The ongoing government shutdown has significantly dampened consumer confidence, bringing it close to record lows. The University of Michigan’s sentiment index reported a decline to 50.3 in November, down from 53.6 the previous month. This figure hovers near the all-time low of 50 recorded in June 2022, a period marked by peak inflation post-pandemic.
Joanne Hsu, the survey’s director, noted that widespread concerns about the implications of the prolonged government shutdown have weighed heavily on consumer sentiment. The decline has been noted across various demographics, including different age groups, income levels, and political affiliations.
However, not all segments are experiencing this downturn in confidence. A notable exception is found among consumers in the top third of stock holdings, who reported an 11% increase in their sentiment due to the persistence of a strong stock market. This divergence underscores a growing disparity as stock market participation has expanded across a broader spectrum of the population over the past five years.
Interestingly, a prior analysis indicated that stock ownership among lower-income earners has surged. According to a survey from the BlackRock Foundation and Commonwealth, over 54% of Americans with annual earnings between $30,000 to $79,999 are now engaging in retail investment, with many starting in the last five years.
The data reflects a K-shaped economic recovery. Wealthier individuals continue to increase their spending, buoyed by rising asset prices, while those without investments are more likely to pull back on expenditures. This divergence is further illustrated by a separate report suggesting that consumer sentiment among stockholders has been recovering since May, contrasting sharply with the ongoing decline among non-stockholders.
The recent stock market volatility — showcasing the Nasdaq’s worst weekly loss since the trade tensions of April — adds another layer of complexity. Investors are increasingly wary of the sustainability of the AI boom, which some perceive as a potentially unstable bubble. Prior to this downturn, markets had celebrated a series of record highs, with the S&P 500 nearing the 7,000 marking.
Moreover, the relationship between asset prices and consumer behavior has intensified in recent years.

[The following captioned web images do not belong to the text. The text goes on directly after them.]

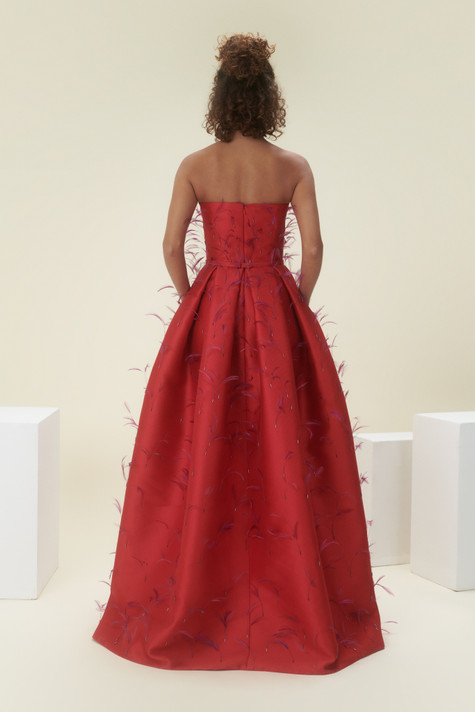 Strapless Satin and Feathers A-Line Gown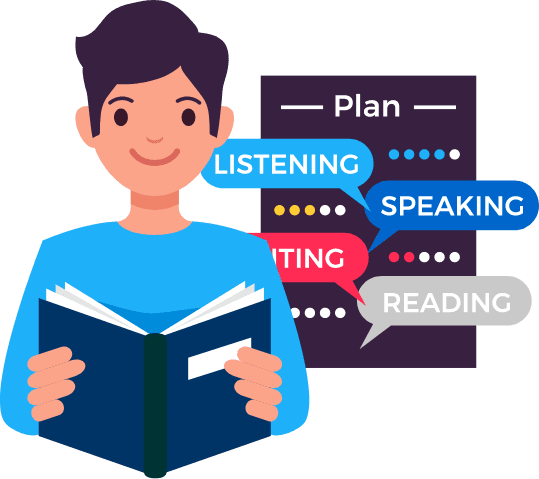 A student holding a book, planning for IELTS coaching classes program for expert training in listening, speaking, writing, and reading skills, ensuring success in IELTS exam.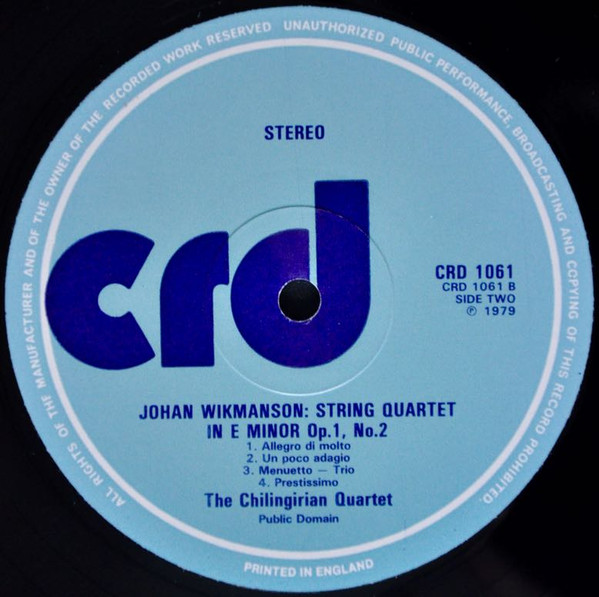 Cover zu Franz Berwald, Johan Wikmanson, Chilingirian String Quartet - String Quartet in G-Minor / E-Minor | 1979 | Vinyl, LP, Stereo | Classical | UK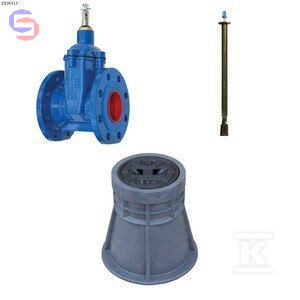 BOHAMET-ARMATURA Zasuwa kołnierzowa F4 DN150 PN16 GJS zestaw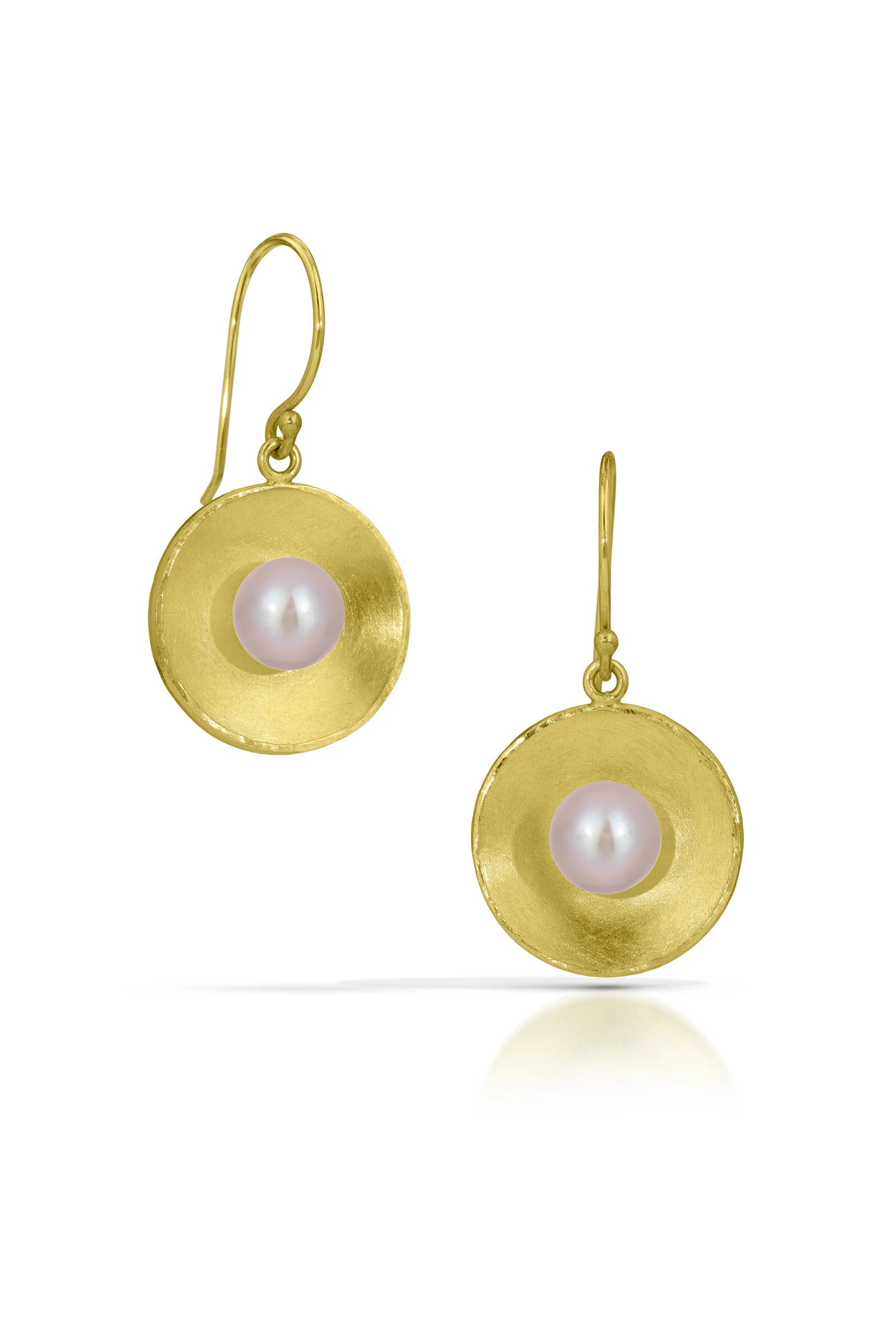 Gold Concave Circle Pearl Drop Earrings - Natural Pearl - Image 2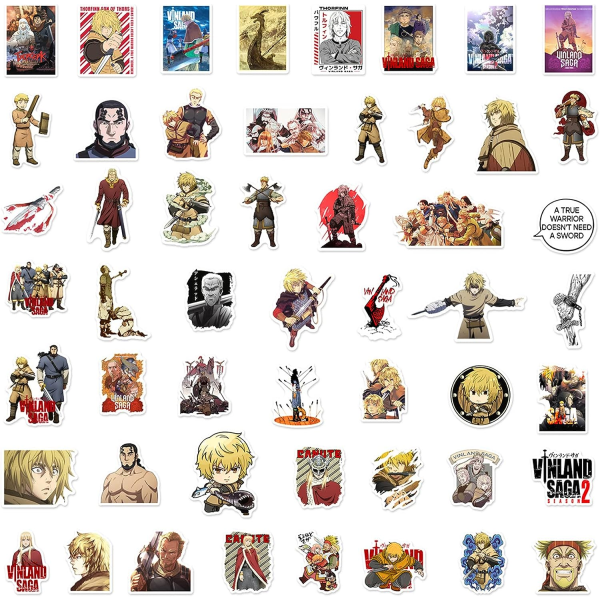 50 stk japanske anime VINLAND SAGA klistremerker vanntette vinyl Kawaii klistremerker for barn tenåringer voksne skateboard datamaskin bærbar gitar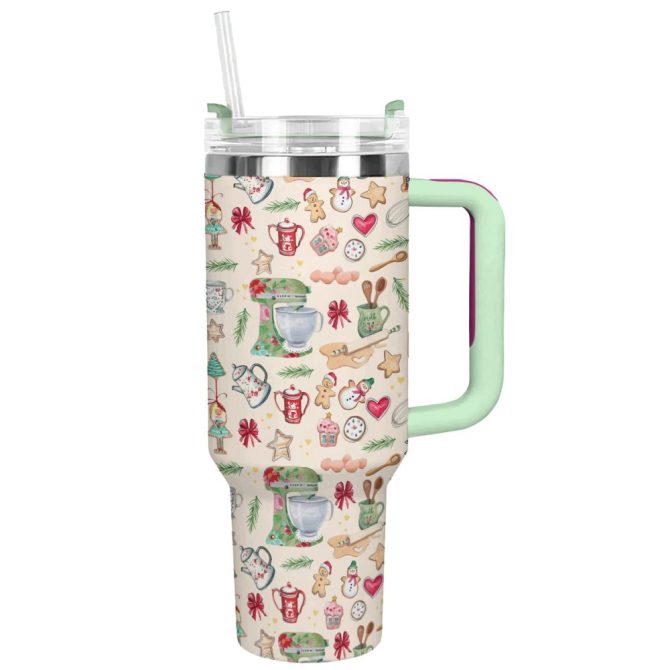 Christmas Baking Custom Stanley Quencher 40Oz Stainless Steel Tumbler With Handle
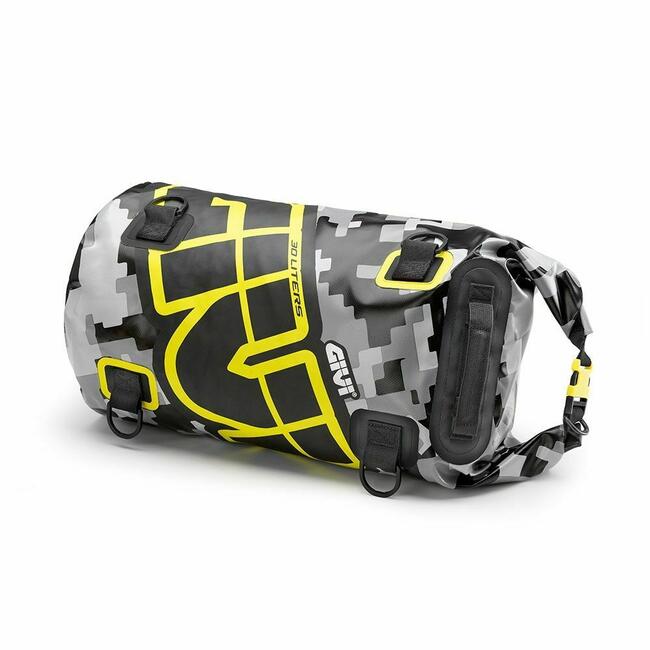 Ea114cm Borsa Rullo Impermeabile Da Sella O Portapacchi, 30 Lt, Grafica Camouflage Grigio E Giallo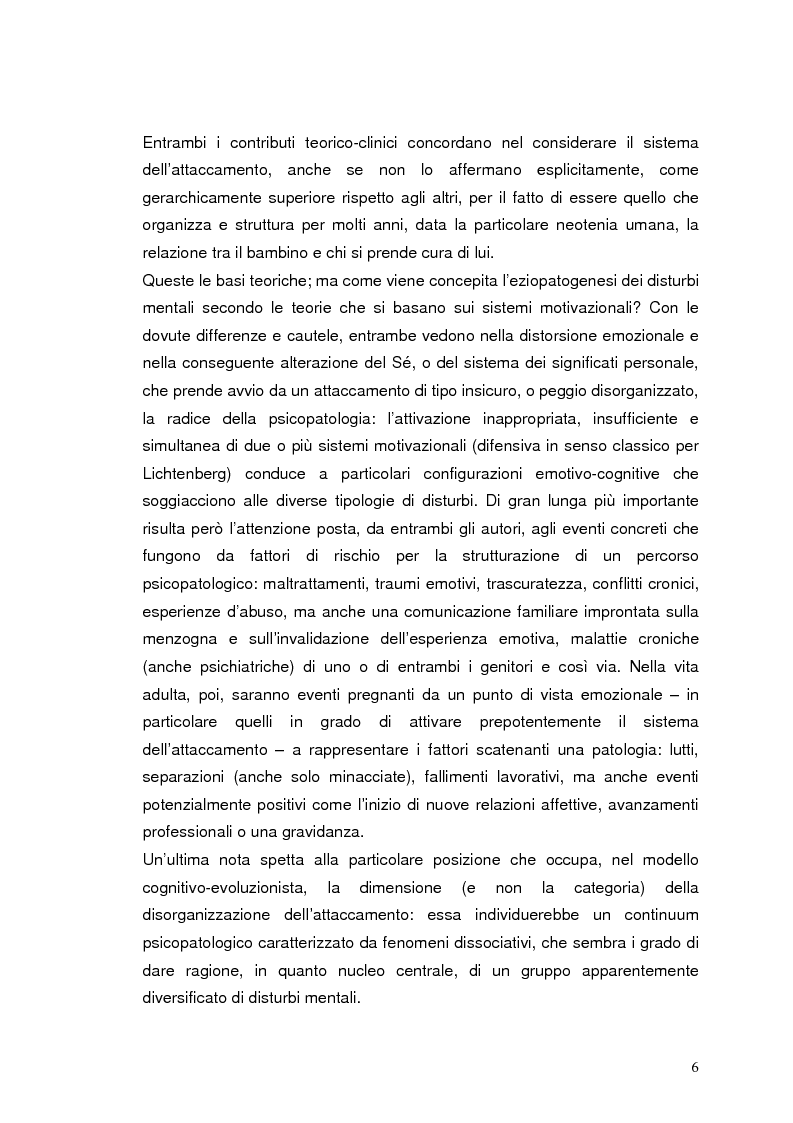 Anteprima della tesi: Modelli eziopatogenetici nelle teorie dei sistemi motivazionali: un confronto fra il modello cognitivo-evoluzionista di G. Liotti e la prospettiva psicoanalitica di J. D. Lichtenberg, Pagina 3
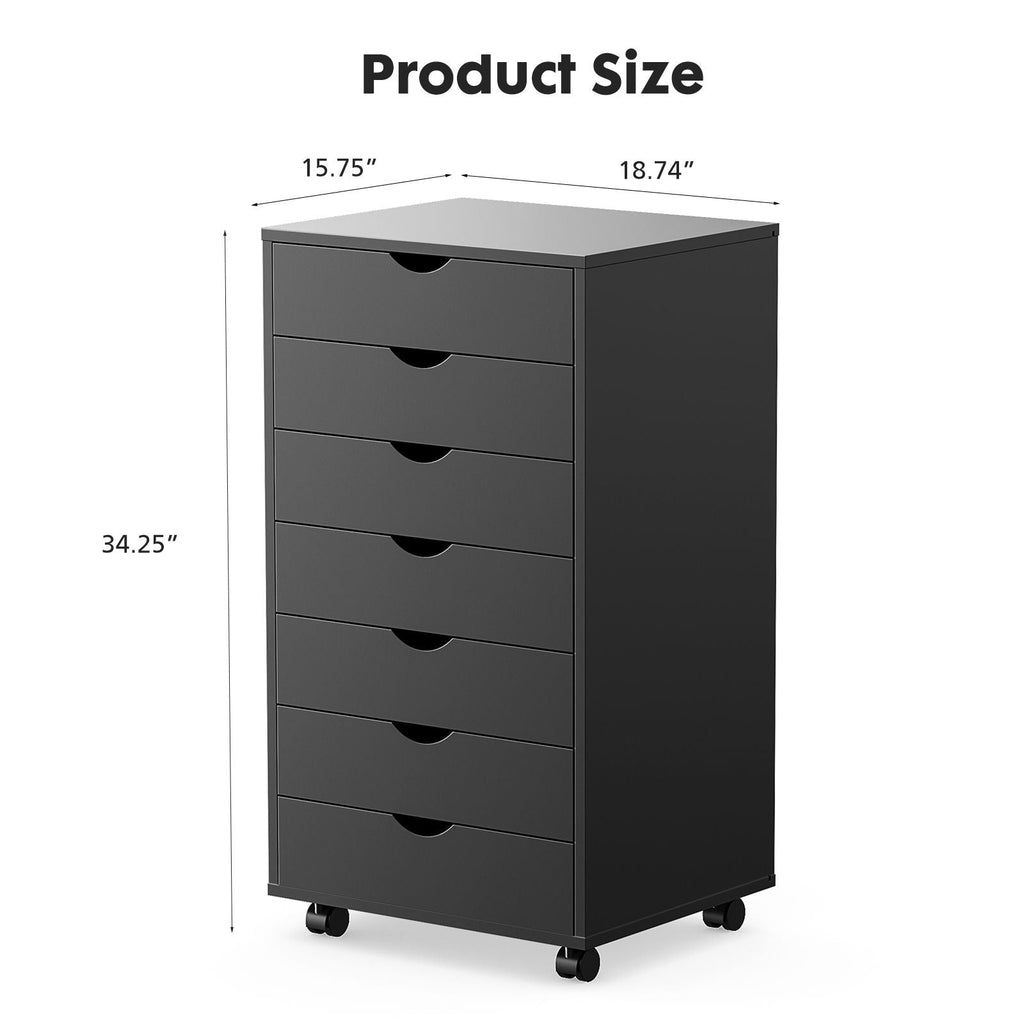 Storage Cabinet Dressers with Wheels Mobile Organizer Drawers for Office, Bedroom, Home - Cool Brand Designs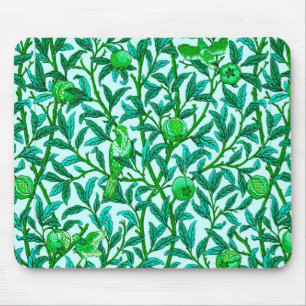 Alfombrilla De Ratón Ave y granada de Art Nouveau, turquesa y aqua
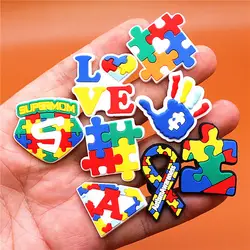 Funny Puzzle Style Shoe Charms Novelty Autism Friendly Garden Shoes Accessories Decoration fit Buckle Kids Gifts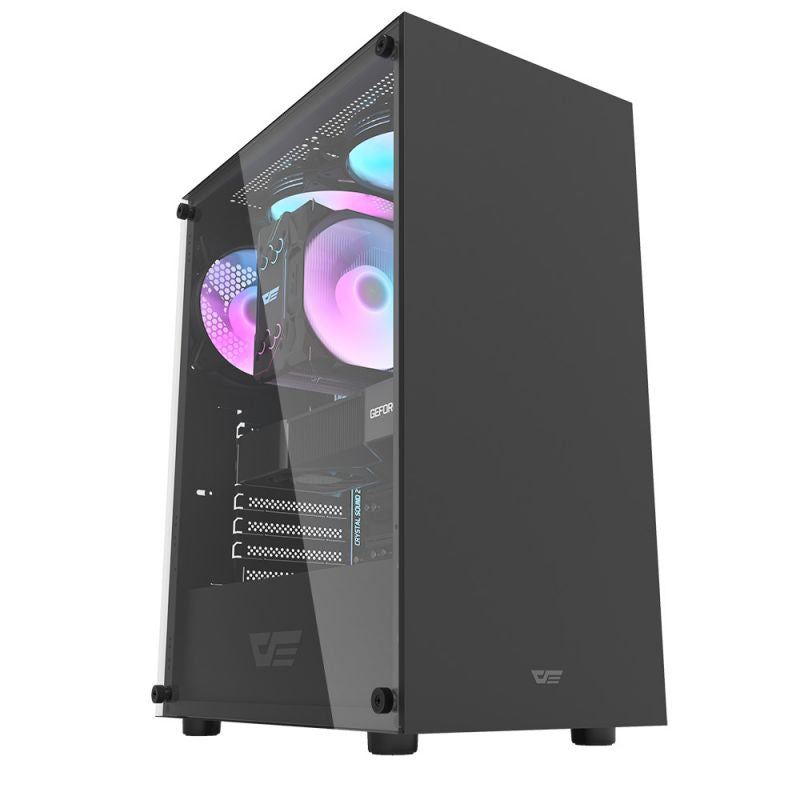Darkflash DK100 M-ATX PC Case, Single Tempered Glass Side Panel, Air Inlets Located Front Panel, Supports Up to 160mm Radiator & Up to 6x 120mm Fans, USB3.0/2.0 (Fans Not Included)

A $1 increase in stock wealth now has a greater impact on consumer spending, generating a $0.05 marginal propensity to consume, compared to just a meager $0.02 in 2010, according to Oxford Economics.
The findings from the University of Michigan indicate that optimism about the economy seems to be concentrated among those who are actively participating in the stock market. While the views of higher-income consumers appear to buoy overall spending, the economic outlook remains subdued for much of the population facing inflationary pressures and broader uncertainties.